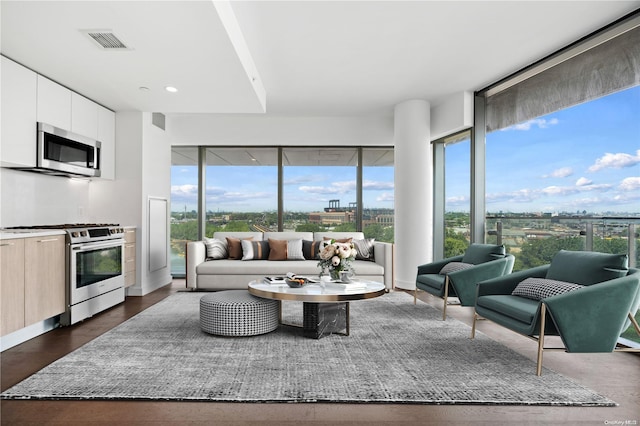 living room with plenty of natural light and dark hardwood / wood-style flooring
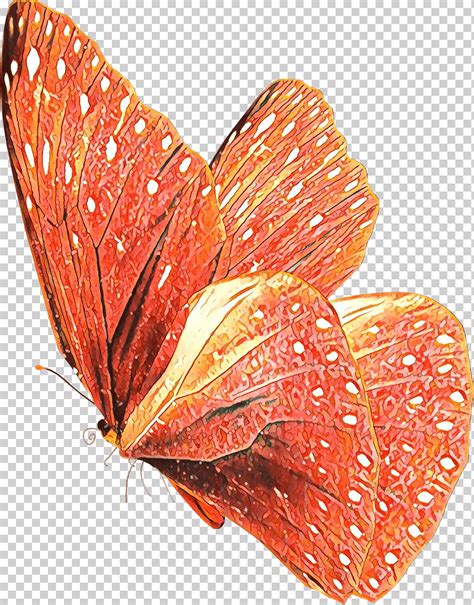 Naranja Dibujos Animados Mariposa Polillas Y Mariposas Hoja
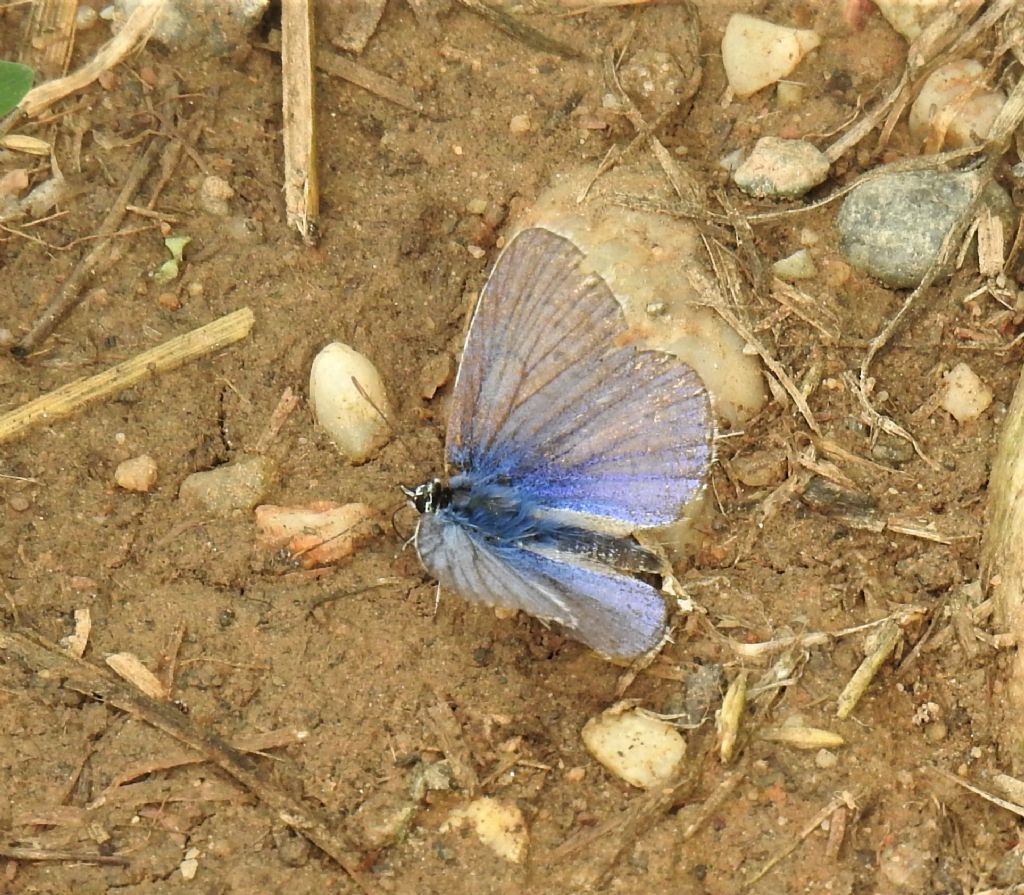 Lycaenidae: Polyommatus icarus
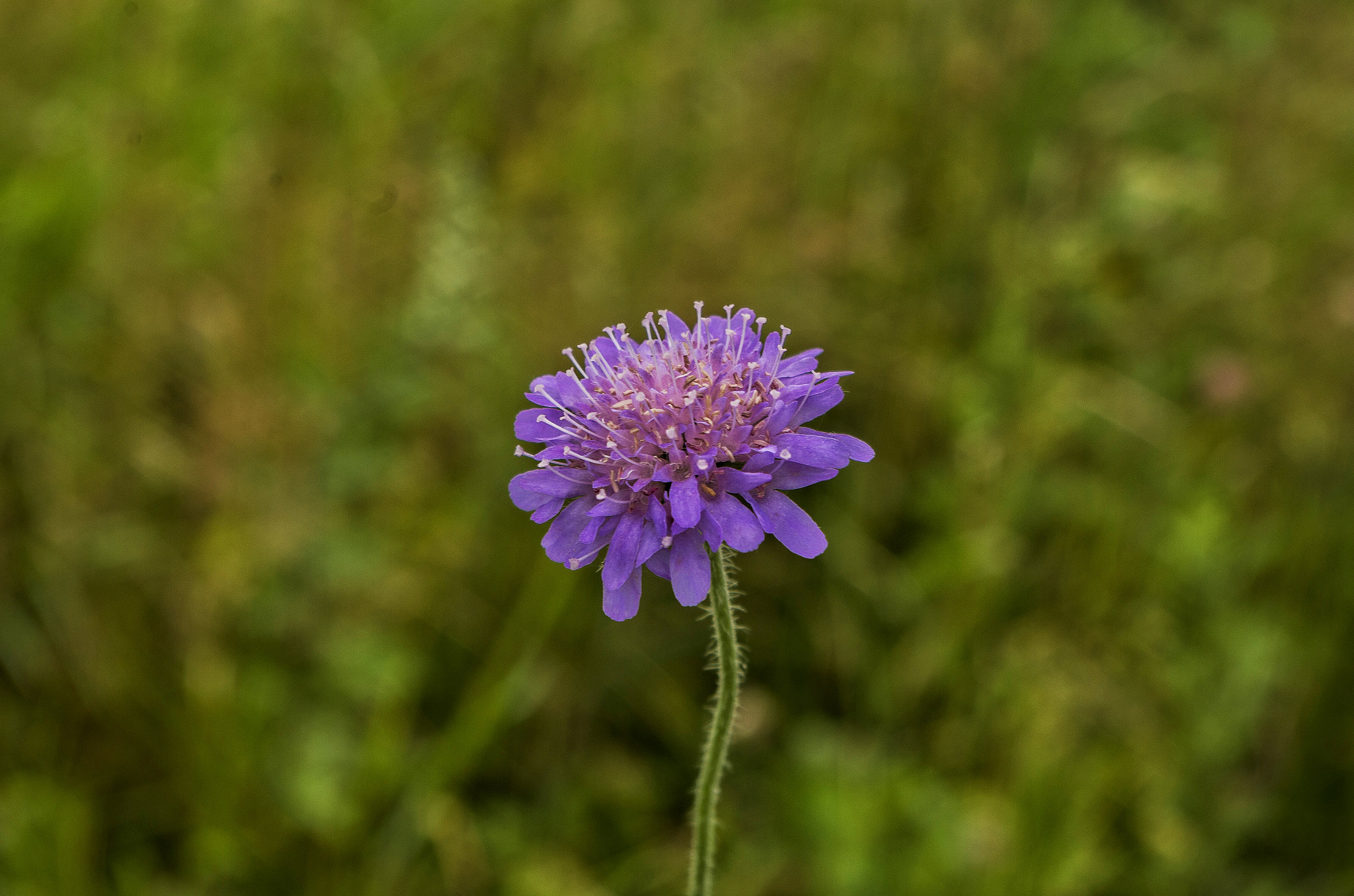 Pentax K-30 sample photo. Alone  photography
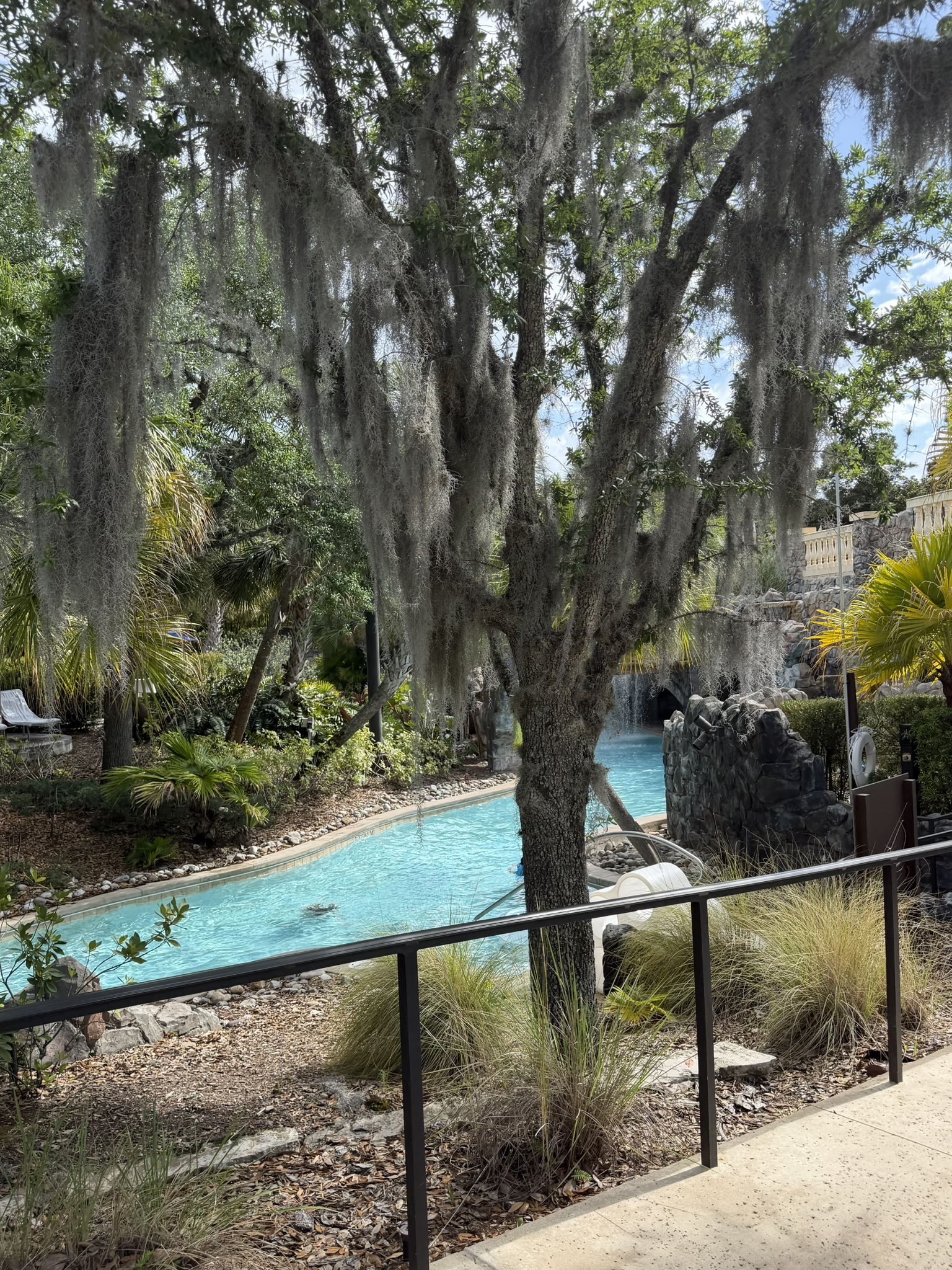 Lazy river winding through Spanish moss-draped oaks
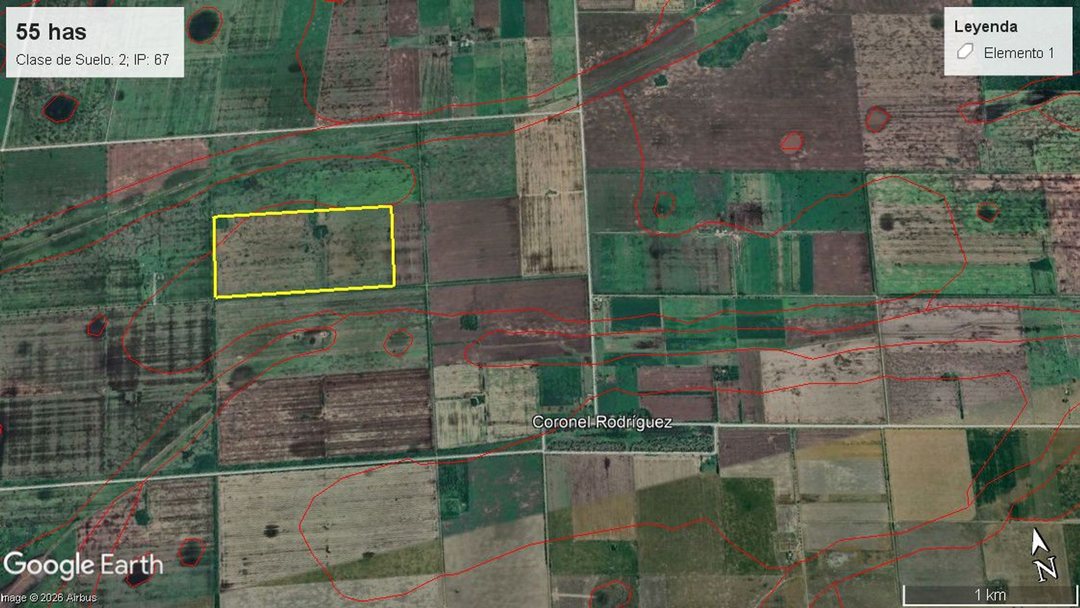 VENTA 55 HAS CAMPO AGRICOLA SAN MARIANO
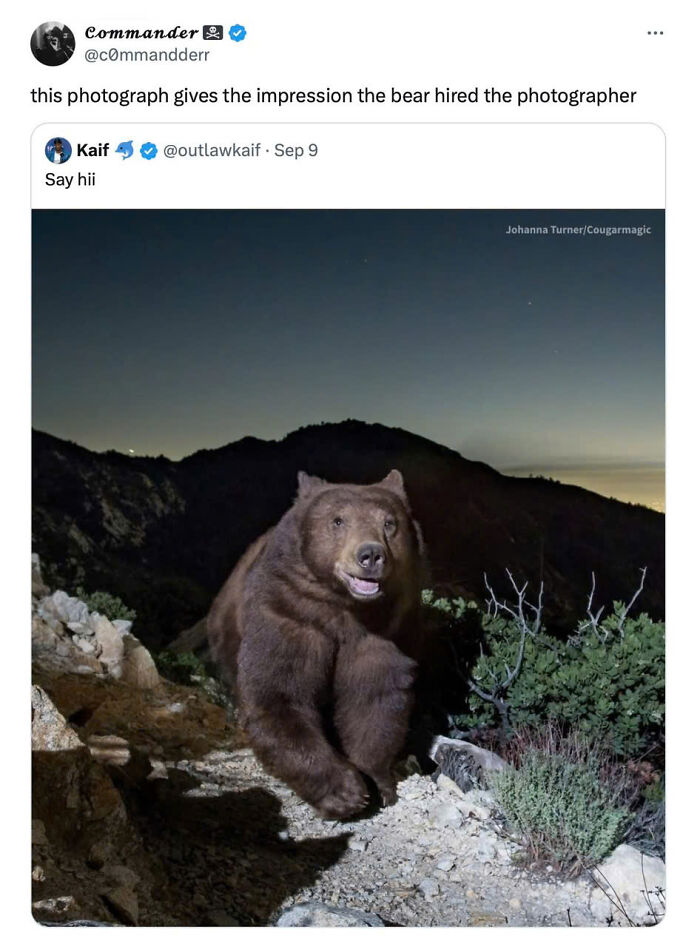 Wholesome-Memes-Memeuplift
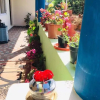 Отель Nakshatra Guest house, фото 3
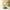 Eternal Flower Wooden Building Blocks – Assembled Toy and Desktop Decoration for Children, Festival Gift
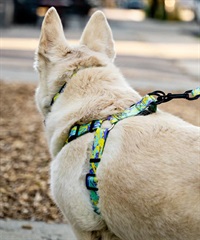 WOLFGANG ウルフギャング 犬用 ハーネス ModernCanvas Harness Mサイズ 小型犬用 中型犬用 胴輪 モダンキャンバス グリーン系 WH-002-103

§ §

Problem statement: Pictures aside, please output the whole listing exactly as it appears above.

Your response:
 living room with plenty of natural light and dark hardwood / wood-style flooring
 Naranja Dibujos Animados Mariposa Polillas Y Mariposas Hoja
 Lycaenidae: Polyommatus icarus
 Pentax K-30 sample photo. Alone  photography
 Lazy river winding through Spanish moss-draped oaks
 VENTA 55 HAS CAMPO AGRICOLA SAN MARIANO
 Wholesome-Memes-Memeuplift
 Отель Nakshatra Guest house, фото 3
 Eternal Flower Wooden Building Blocks – Assembled Toy and Desktop Decoration for Children, Festival Gift
 WOLFGANG ウルフギャング 犬用 ハーネス ModernCanvas Harness Mサイズ 小型犬用 中型犬用 胴輪 モダンキャンバス グリーン系 WH-002-103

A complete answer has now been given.